Gottesdienst ersetzt Einheitsfeier

30 Jahre Deutsche Einheit - das wollten Vogtländer und Oberfranken Anfang Oktober gemeinsam in Mödlareuth begehen. Daraus wird nichts. An das Jubiläum soll trotzdem erinnert werden.

Plauen.

Das mit dem Landkreis Hof und dem Saale-Orla-Kreis in Thüringen geplante Einheitsfest in Mödlareuth findet wegen der Coronapandemie nicht statt: "Das geht nicht auf Krampf", sagte Landrat Rolf Keil (CDU) jetzt in einem Pressegespräch. Er kündigte dafür einen auf 200 Personen begrenzten Gottesdienst im ehemals geteilten Dorf an. Der Gottesdienst beginnt 10 Uhr. Zudem machte der Landrat auf ein Festkonzert am Abend des 3. Oktober im Theater in Bad Elster aufmerksam.
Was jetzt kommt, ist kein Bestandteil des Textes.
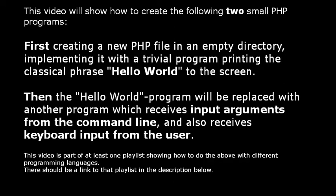This video will show how to create the following two small PHP programs. First, creating a new PHP file in an empty directory, implementing it with a trivial program printing the classical phrase hello world to the screen.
Auch eine für den Einheitstag erhoffte Veranstaltung am früheren Grenzturms Heinersgrün findet nicht statt. Grund dafür ist aber nicht Corona, sondern die dort laufenden Sanierungsarbeiten. Der Bau habe sich nach drei Jahrzehnten in Privatbesitz "zum Biotop entwickelt", erklärte Wirtschaftsdezernent Lars Beck, und meinte damit den Bewuchs auf dem Dach. Der Dachaufbau wurde abgenommen und die Fassade außen gereinigt. Das Dach werde derzeit gesichert, damit es nicht mehr hineinregnet, Blitzschutz angebracht. Ein neues Geländer wurde schon montiert. Mit der Außensicherung des Turms wolle man in diesem Jahr noch fertig werden. Dazu gehört auch das Einsetzen provisorischer Fenster. Als nächstes stehen die Fassadensanierung, die Instandsetzung im Inneren und die Außenanlagen samt Parkplatz und Schautafeln auf dem Plan. Das alles kostet bis zu 90.000 Euro.
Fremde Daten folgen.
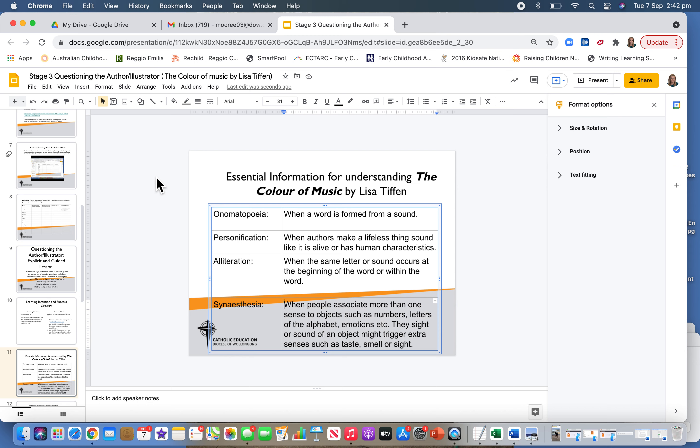To our unit of work, looking at Lisa Tiffin's beautiful text, The Color of Music.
Man wolle bis Ende 2021 "das frühere Grenzgeschehen erlebbar machen", schilderte Lars Beck die Vorstellungen. Das Deutsch-Deutsche Museum Mödlareuth als künftiger Betreiber des historischen Gedenkortes werde über den Winter ein Nutzungskonzept erstellen. Je nachdem, was noch alles vorgesehen ist, könnten die Kosten auf rund 260.000 Euro steigen. Dafür seien dann neue Fördermittel nötig.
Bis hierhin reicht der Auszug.